Perfect Push Ups

Perfect push ups are a great total body exercise. And the best part about it is that it requires no equipment at all. Just you and your body.

Push up training is a great way to improve core stability, and it is one of my favorite core exercises for my patients. It also works the shoulders, chest, upper back, and hips. For the time investment and not needing equipment, a push up is one of the best exercises you can add to your training program or sports injury rehab.

The Perfect Push Up

The key to an effective pushup is to make sure that you maintain good body alignment. If you can do this, you will work more than just your arms and chest. You will gain core stability and abdominal strength.

Keep your alignment straight
To perform a push up, start by placing your hands a little wider than your shoulders, and rolling up on your toes.

Make sure that you are in alignment from your shoulders to your heels.

You may want to perform this in front of a mirror the first few times to make sure that your hips are not too high, or that you are not sagging in the middle.
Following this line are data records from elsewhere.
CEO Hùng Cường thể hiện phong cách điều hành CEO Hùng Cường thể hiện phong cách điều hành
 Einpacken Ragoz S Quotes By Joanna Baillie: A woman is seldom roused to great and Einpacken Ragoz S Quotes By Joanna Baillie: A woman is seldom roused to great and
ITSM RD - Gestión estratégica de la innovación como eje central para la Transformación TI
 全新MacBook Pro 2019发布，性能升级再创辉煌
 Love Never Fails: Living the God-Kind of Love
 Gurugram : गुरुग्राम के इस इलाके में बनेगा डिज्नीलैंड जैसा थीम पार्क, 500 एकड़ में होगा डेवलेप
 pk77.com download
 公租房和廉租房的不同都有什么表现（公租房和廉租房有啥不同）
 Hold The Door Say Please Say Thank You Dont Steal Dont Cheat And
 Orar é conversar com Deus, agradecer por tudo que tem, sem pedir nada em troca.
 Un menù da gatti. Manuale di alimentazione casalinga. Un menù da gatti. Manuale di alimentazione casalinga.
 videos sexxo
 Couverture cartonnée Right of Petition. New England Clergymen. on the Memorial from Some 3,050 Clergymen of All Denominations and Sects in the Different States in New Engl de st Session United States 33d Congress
Once in the starting position, draw in your lower abdominals to stabilize your pelvis and keep your alignement.

Touch your chest

Lower yourself to the floor, touching your chest at the bottom.
Breath out on the way up

Breathe out and then push yourself up to return to the starting position.

Make sure that you keep your alignment through the entire push up. Start off with sets of 5-10, paying attention to your position. Gradually add more sets and repititions as you get stronger.

As you are performing the push ups, focus on your abs. Keep your pelvis stabilized, and you will feel your lower abdominals really working because you are challenging them.

Push Up Variations

There are lots of ways to vary push ups and make them more challenging. Once the perfect push up gets easy, it is time to vary your workout with other types of push ups.
Fitness Ball Push Up

You can start by placing your feet on a chair or a box, creating a declined push up. I like to use fitness balls to do decline push ups, both myself and with my patients.

Medicine Ball Push Up

You can also do push ups on a medicine ball. This is an advanced exercise, and takes some time to work up to.

With the very close hand position, it will really work your abs if you keep good alignment.


Most people don't think of push ups as an abdominal exercise. Ask any fitness professional and they will tell you different. The key to perfect push ups is to make sure that you maintain good alignment. Go slow and breathe throughout the exercise. As you get stronger, you can add variations like the fitness ball push up or the medicine ball push up.